Interest Rate - The amount charged by a lender for the money borrowed. It can be fixed or variable.
Inventory Financing - Money borrowed on the basis of finished inventory. The loan is paid as inventory is sold.
Line of Credit - An amount of money, which a business can borrow against at times it needs capital. Often accessed by check, ATM, or business card.
Loan Term - The length of time the borrower has to repay debt.
Long Term Debt - Financing used to purchase or improve assets such as plant, facilities, large equipment and real estate.
Maturity - A loan's maturity is the life of the loan; that is, how long you have to repay the loan. It usually applies to term loans and not lines of credit.
Personal Guarantee -A guarantee that the primary owner will assume personal responsibility for repayment of the loan, should the company not repay the loan.
Prime Rate - The rate a lender charges its best customers. The rate is calculated differently by each lender.
Revolving Credit - It is the same thing as a line of credit: an amount of money, which a business can borrow against at times it needs capital. Often accessed by check, ATM, or business card.

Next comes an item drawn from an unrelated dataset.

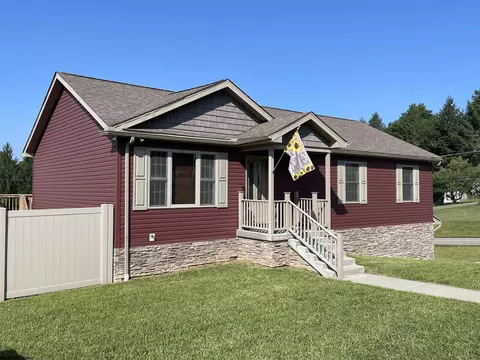2304 Locust Dr, Pleasant Valley, WV 26554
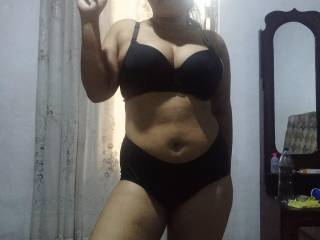 Sri lankan hot bbw  with sexy  lingerie shoot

Secured Loan - A loan secured by specific collateral. Creditor may foreclose and seize the specific property that is collateral to satisfy an unpaid secure loan.
Small Business Administration -Established by Congress, the SBA provides financial, technical and management assistance to help Americans start, run, and grow their businesses.
Short Term Debt - Financing used to secure cash for accounts payable and inventory.
Subsequent Draw Fee - It's a fee that the financial institution may charge each time you use the line of credit after the initial use.
Term Loan - A loan for a specific amount of money. It has either have a fixed or variable interest rate, matures in between one and ten years and has a set repayment schedule.
TransUnion Corporation - One of three leading providers of personal credit information.
Unsecured Loan - A loan granted upon the good credit of the borrower. No collateral involved.
Variable Interest Rate - An interest rate that changes during the life of a loan.